OBJECTIVE
To critically review published articles that have examined the relationship between medication use and functional status decline in the elderly.
METHODS
The MEDLINE and EMBASE databases were searched for English-language articles published from January 1986 to December 2010. Search terms included aged, humans, drug utilization, polypharmacy, inappropriate prescribing, anticholinergics, psychotropics, antihypertensives, drug burden index, functional status, function change or decline, activities of daily living, gait, mobility limitation, and disability. A manual search of the reference lists of the identified articles and the authors’ article files, book chapters, and recent reviews was conducted to retrieve additional publications. Only articles that used rigorous observational or interventional designs were included. Cross-sectional studies and case series were excluded from this review.
RESULTS
Nineteenstudies met the inclusion criteria. Five studies addressed the impact of suboptimal prescribing on function, three of which found an increased risk of worse function in community-dwelling subjects receiving polypharmacy. Three of the four studies that assessed benzodiazepine use and functional status decline found a statistically significant association. One cohort study identified no relationship between antidepressant use and functional status while a randomized trial found that amitriptyline, but not desipramine or paroxetine, impaired certain measures of gait. Two studies found that increasing anticholinergic burden was associated with worse functional status.
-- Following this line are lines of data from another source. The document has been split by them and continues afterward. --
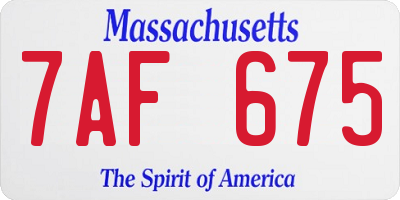 MA license plate 7AF675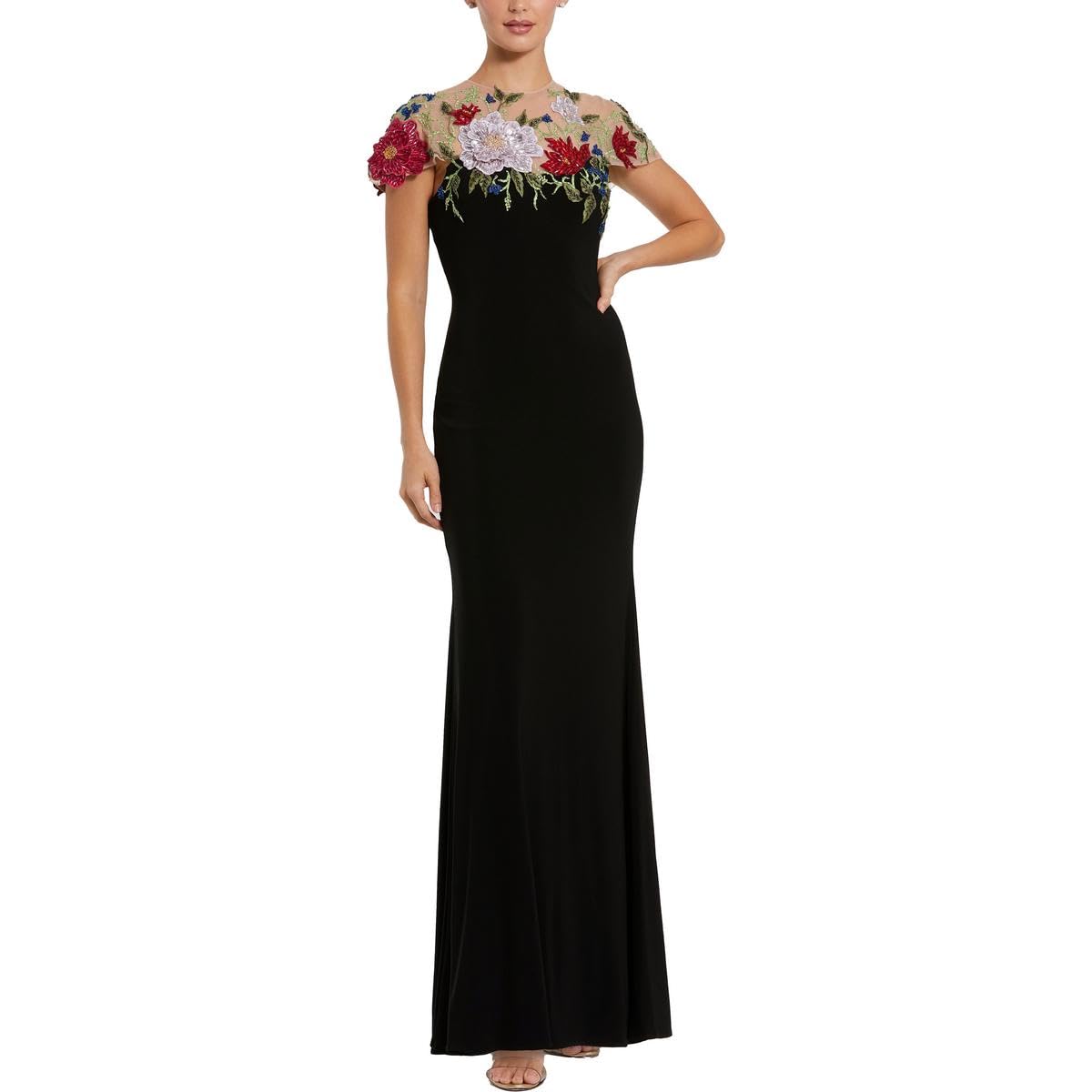 Floral Embellished Jersey Fitted Gown Black Multi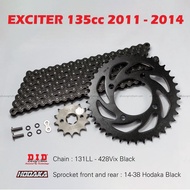 Hodaka Exciter 135 2011 2014 chain sprocket - DID rubber seal chain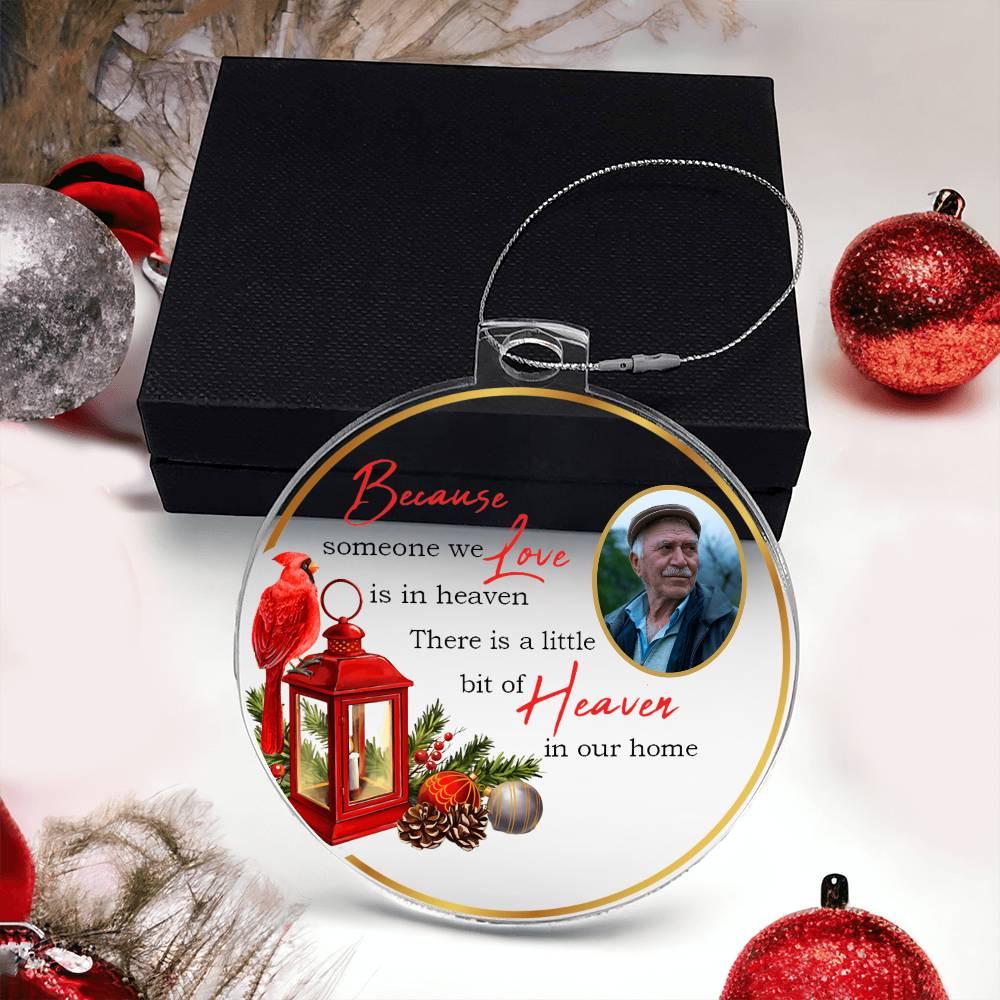 Custom Photo Christmas Memorial Acrylic ornament – Sympathy gift – view 3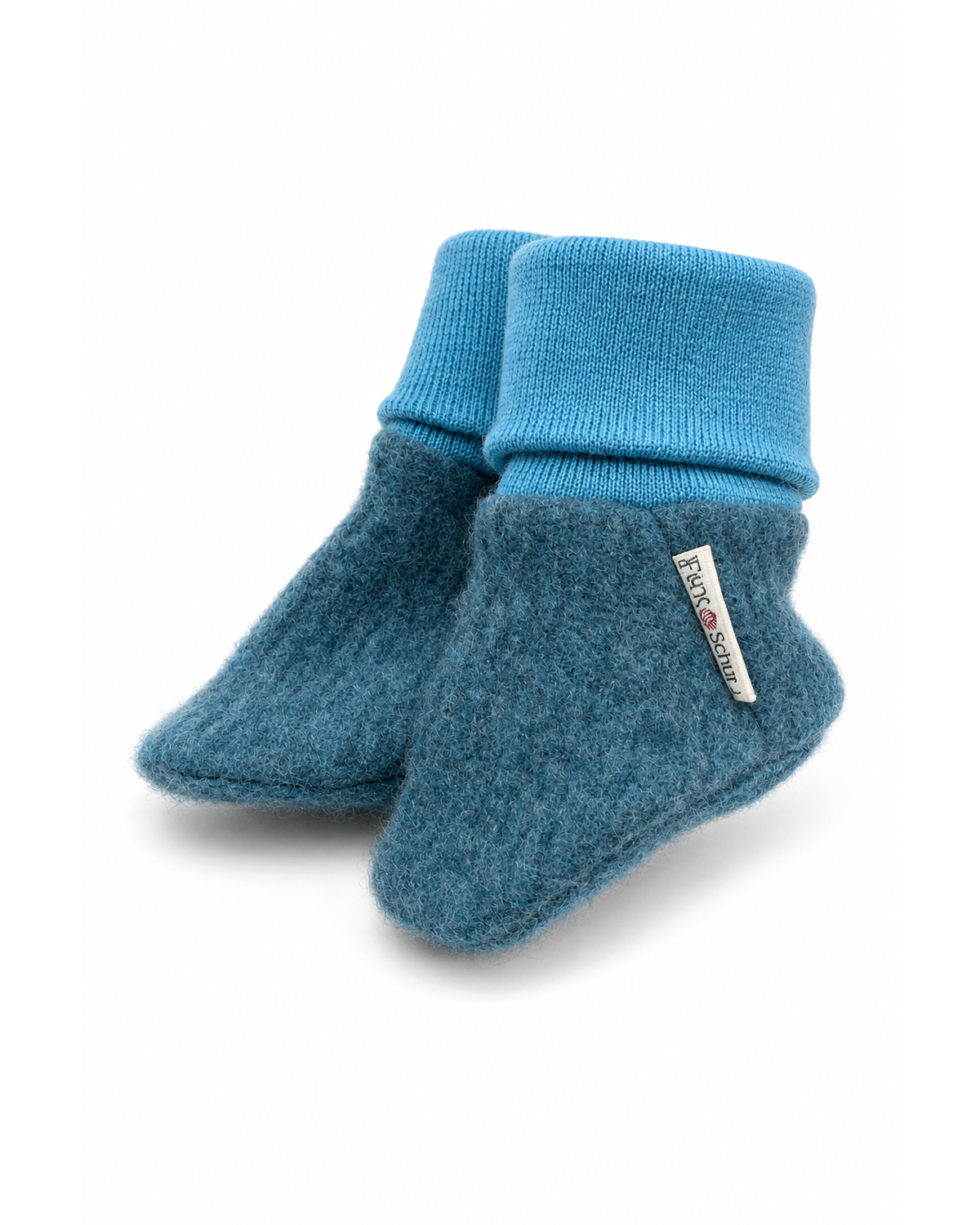 Kaschmir Baby Trageschuhe in Blau, genäht in Berlin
In a study of hospitalized rehabilitation patients, users of hypnotics/anxiolytics (e.g., phenobarbital, zolpidem) had lower relative Functional Independence Measure motor gains than nonusers. Use of multiple central nervous system (CNS) drugs (using different definitions) was linked to greater declines in self-reported mobility and Short Physical Performance Battery (SPPB) scores in two community-based studies. Another study of nursing home patients did not report a significant decline in SPPB scores in those taking multiple CNS drugs. Finally, two studies found mixed effects between antihypertensive use and functional status in the elderly.
CONCLUSION
Benzodiazepines and anticholinergics have been consistently associated with impairments in functional status in the elderly. The relationships between suboptimal prescribing, antidepressants, and antihypertensives and functional status decline were mixed. Further research using established measures and methods is needed to better describe the impact of medication use on functional status in older adults.